Kementerian Pertahanan diminta me-refocusing anggaran dengan memprioritaskan peningkatan pertahanan laut. Eskalasi keamanan di Laut China Selatan diharapkan menjadi momentum untuk menguatkan pertahanan laut.
Oleh
DIAN DEWI PURNAMASARI/DIONISIUS REYNALDO TRIWIBOWO
·3 menit baca
JAKARTA, KOMPAS — Kementerian Pertahanan diminta memfokuskan ulang anggaran dengan memprioritaskan peningkatan pertahanan laut. Eskalasi keamanan yang terjadi di Laut China Selatan diharapkan menjadi momentum untuk menguatkan pertahanan laut. Eskalasi itu juga ditandai maraknya penemuan wahana nirawak bawah laut di perairan Indonesia.
Anggota Komisi I DPR dari Fraksi PDI Perjuangan, Charles Honoris, saat dihubungi, Kamis (7/1/2020), mengatakan, temuan wahana nirawak yang diidentifikasi sebagai seaglider oleh nelayan mengindikasikan sistem pertahanan laut negara yang masih lemah.
Tiga seaglider pada 2019 dan 2020 semuanya ditemukan oleh nelayan, bukan ditemukan oleh prajurit atau perangkat militer. Padahal, diprediksi ada banyak benda asing yang mengapung di perairan Indonesia. Wahana bawah laut itu bebas berlalu lalang dan menerobos wilayah yurisdiksi Indonesia dan tidak terdeteksi.

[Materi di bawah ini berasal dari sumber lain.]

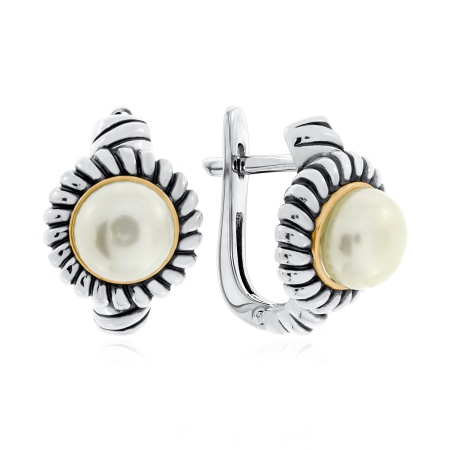 Серьги из серебра с жемчугами со скидкой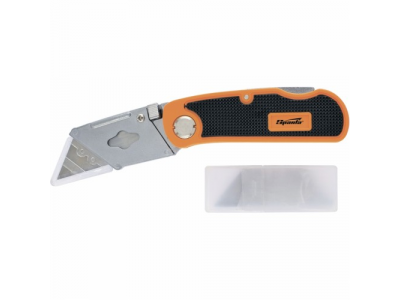 Нож, 18 мм, складной, пластиковая двухкомп рукоятка ,сменное трапециевидное лезвие,+5 лезв.//Sparta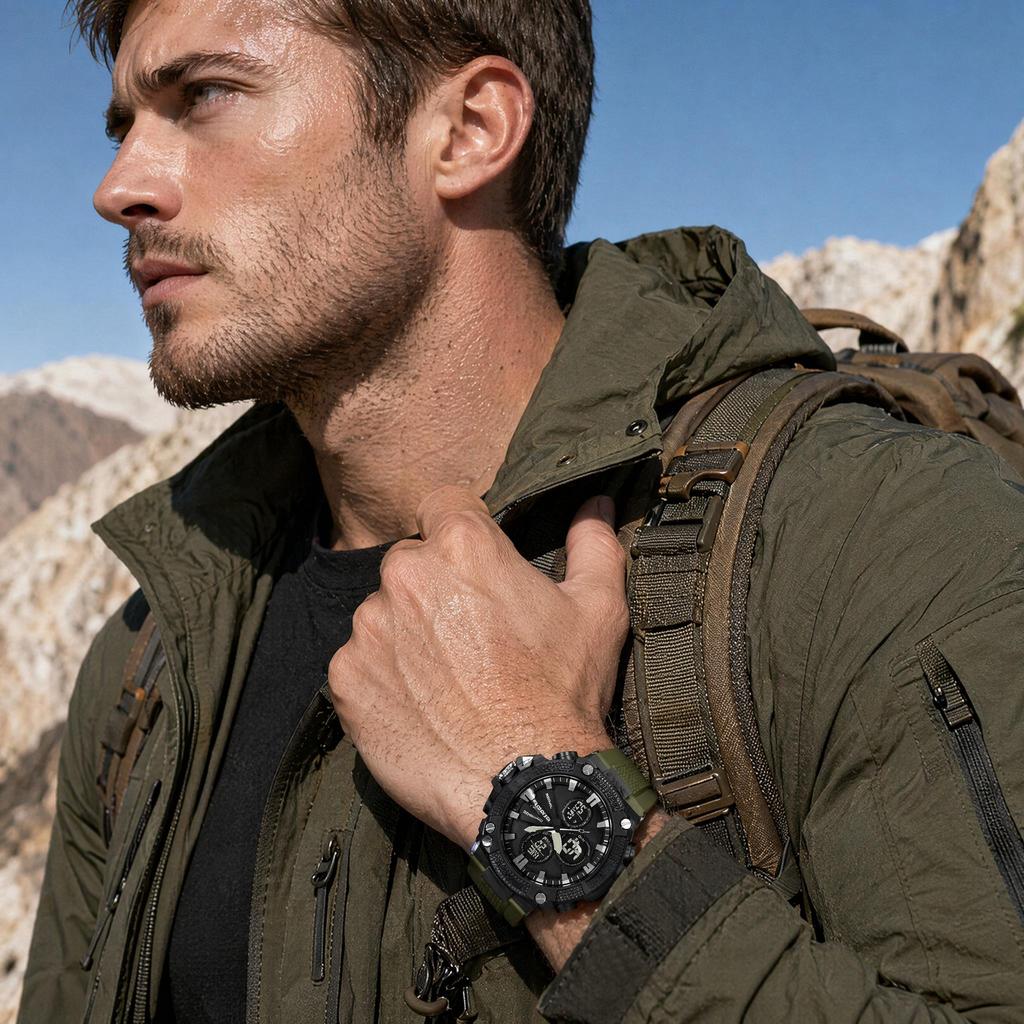 Skmei 2604 Relógio Digital Tático Masculino Verde Militar Hora Dupla Resistente à Água 50M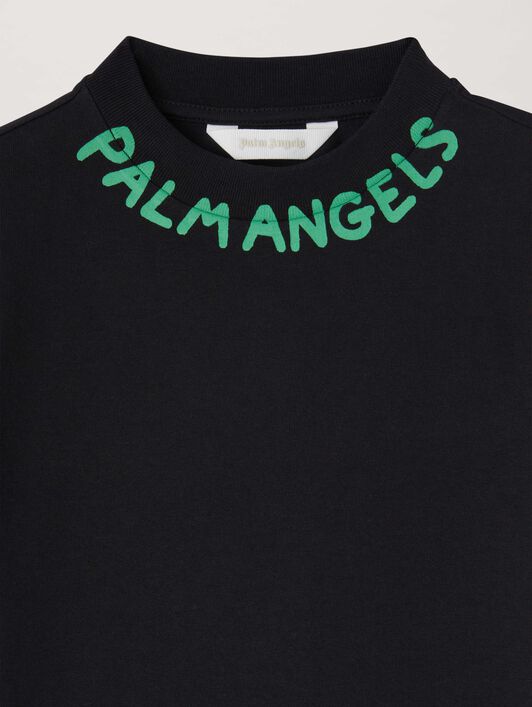 PALM ANGELS  Logo Block T-Shirt BLACK GREEN PBAA003S25JER004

”Sudah banyak negara yang menggunakan perangkat drone laut, baik untuk kepentingan riset industri maupun militer. Oleh karena itu, TNI AL harus meningkatkan kewaspadaan, apalagi jika benda tersebut adalah peralatan mata-mata militer asing,” tutur Charles.
Melihat ketegangan yang terus meningkat di jalur perairan Asia-Pasifik, khususnya di Laut China Selatan, Charles berpendapat bahwa hal itu harus menjadi momentum untuk perbaikan ketahanan laut. Harus ada koordinasi lintas instansi untuk meningkatkan keamanan laut, yang melibatkan TNI AL, Kementerian Perhubungan, Badan Keamanan Laut (Bakamla), dan Kepolisian Air Baharkam Polri.
Charles menilai perlunya peningkatan alutsista dan teknologi pendukung untuk TNI AL. Salah satunya adalah untuk mendeteksi wahana nirawak bawah laut, seperti unmanned underwater vehicle (UUV) ataupun unmanned subsurface vehicle (USSV) yang telah dilengkapi senjata. Idealnya, TNI harus memiliki alat deteksi kedua benda bawah laut itu. Sebab, penggunaan teknologi itu telah marak dilakukan negara-negara lain.
Dari sisi anggaran, Charles meminta agar Kementerian Pertahanan memprioritaskan pembelian alutsista laut. Selama ini, anggaran masih banyak digelontorkan untuk matra darat. ”Anggaran untuk alutsista di laut dan udara masih minim. Jika digabung, keduanya baru bisa menyamai anggaran di matra darat,” kata Charles.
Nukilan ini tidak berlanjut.